A verdade é que exerceu o seu direito de defesa no prazo legal, recorrendo para o Tribunal da Relação e o prazo aplica-se quer ao arguido, quer ao Ministério Público, querendo exercer o direito ao recurso.

Por fim, realçamos, também, que o ora recorrente não indicou em que termos o sentido da norma em causa que é incompatível com os art.32.º, n.º1 e 13.º da Constituição da República Portuguesa, nem o Tribunal da Relação deteta essa incompatibilidade com a lei fundamental, pelo que não a reconhecemos.

Assim, e julgando também improcedente esta questão, improcede o recurso. 

            Decisão

       

             Nestes termos e pelos fundamentos expostos acordam os juízes do Tribunal da Relação de Coimbra em negar provimento ao recurso interposto pelo arguido A... e manter a douta sentença recorrida.

             Custas pelo recorrente, fixando em 3 Ucs a taxa de justiça (art. 513º, nºs 1 e 3, do C. P.P. e art.8.º, n.º 9, do Regulamento das Custas Processuais e Tabela III, anexa), sem prejuízo do apoio judiciário concedido.

                                                                          *

(Certifica-se que o acórdão foi elaborado pelo relator e revisto pelos seus signatários, nos termos do art.94.º, n.º 2 do C.P.P.). 

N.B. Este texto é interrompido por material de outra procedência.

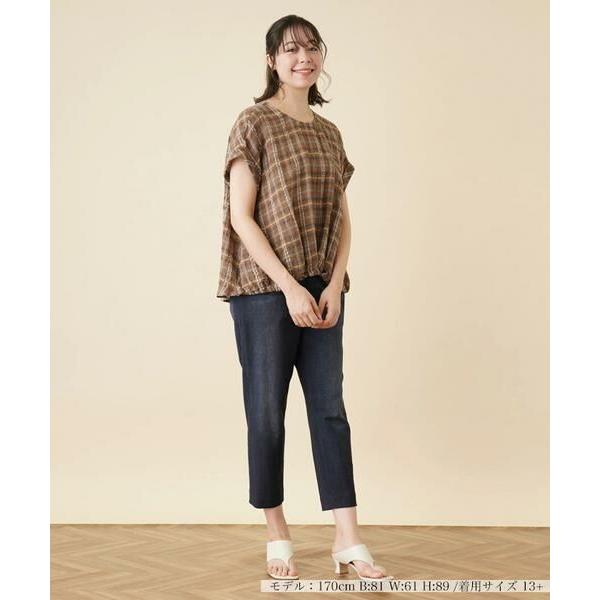 Leilian PLUS HOUSE / レリアンプラスハウス チェッククルーネックブラウス 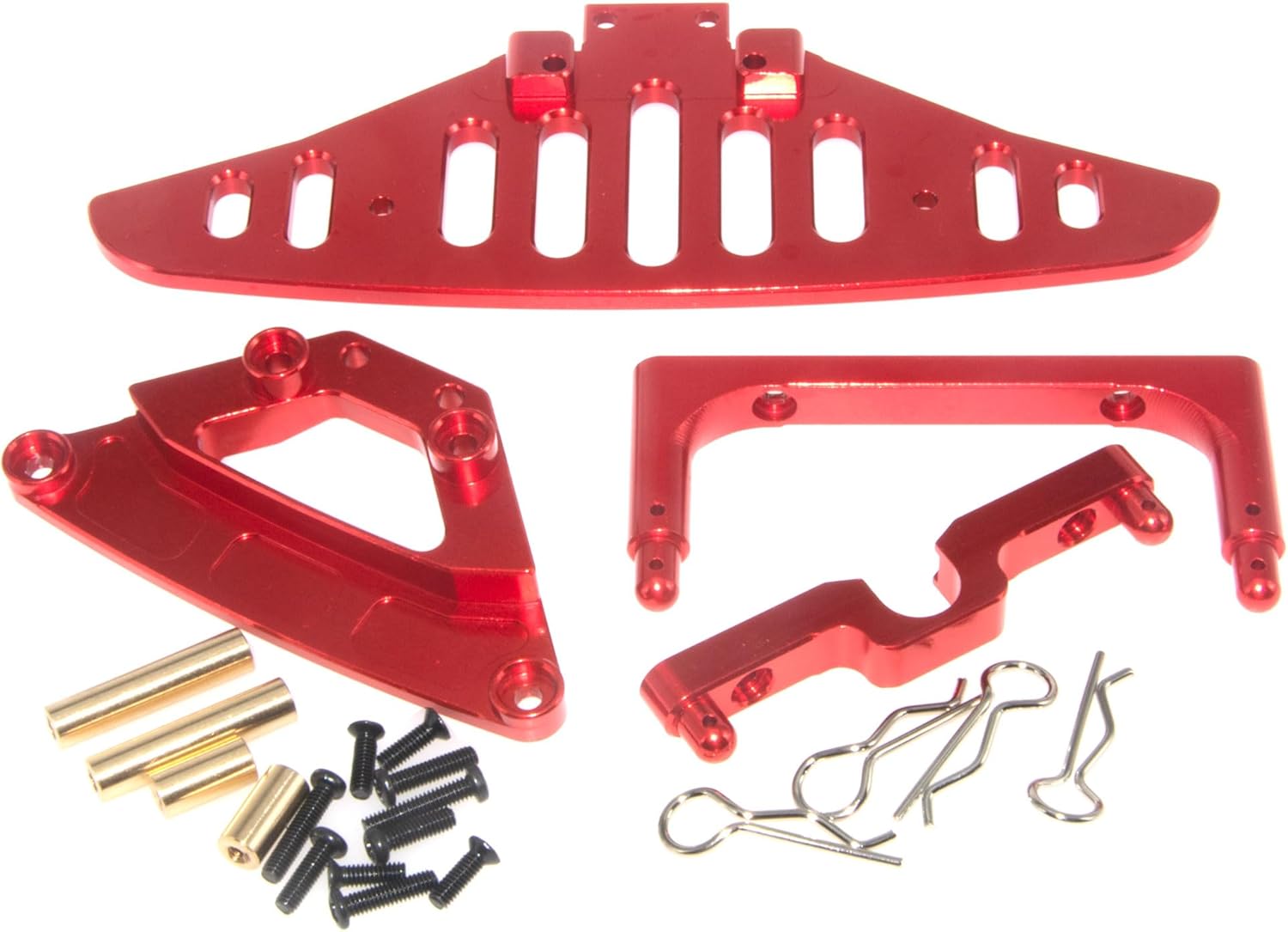 Front Bumper & Shell Pillar Fixation & Body Post Compatible with 1/14 MJX Hyper Go 14301 Upgrade 14302 14303 Rc Car Aluminum Alloy Part(Red)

                                                                      
   *

Coimbra, 24 de Janeiro de 2018

Orlando Gonçalves (relator)

Inácio Monteiro (adjunto)


[1]  Cfr. BMJ n.º 458º, pág. 98.
[2]  Cfr. CJ, ASTJ, ano VII, tomo I, pág. 247.
[3]  Cfr. Prof. Germano Marques da Silva, Curso de Processo Penal, III, Verbo, 2ª edição, pág. 350.
[4]  Cf. Prof. Costa Pinto, “ O Ilícito de Mera Ordenação Social e a Erosão do Princípio da Subsidariedade da Intervenção Penal”, Direito Penal Económico e Europeu – Textos Doutrinários, Vol. I, Coimbra Editora, 1998, pág.19 e ss.       

[5] In www.tribunalconstitucional.pt
[6] Cons. António de Oliveira Mendes e José dos Santos Cabral, “Notas  ao Regime Geral das Contra-ordenações e Coimas”, Almedina, 2.ª ed., pág. 185..

[7] Como se refere no «Assento do STJ n.º 1/2003», “ Se o impugnante se prevalecer na impugnação judicial do direito preterido (…), a nulidade considerar-se-á sanada [artigos 121.º, n.º 1, alínea c), do Código de Processo Penal e 41.º, n.º1, do Regime Geral das Contraordenações]”.  

[8] In “Constituição da República Portuguesa Anotada”, Coimbra Editora, Coimbra, Vol. 1.º, 2007, pág.s 516 a  523).   
[9] Obra citada, pág. 339

[10] Cf. acórdão n.º 403/2004 do T.C. , in www.tribunalconstitucional.pt).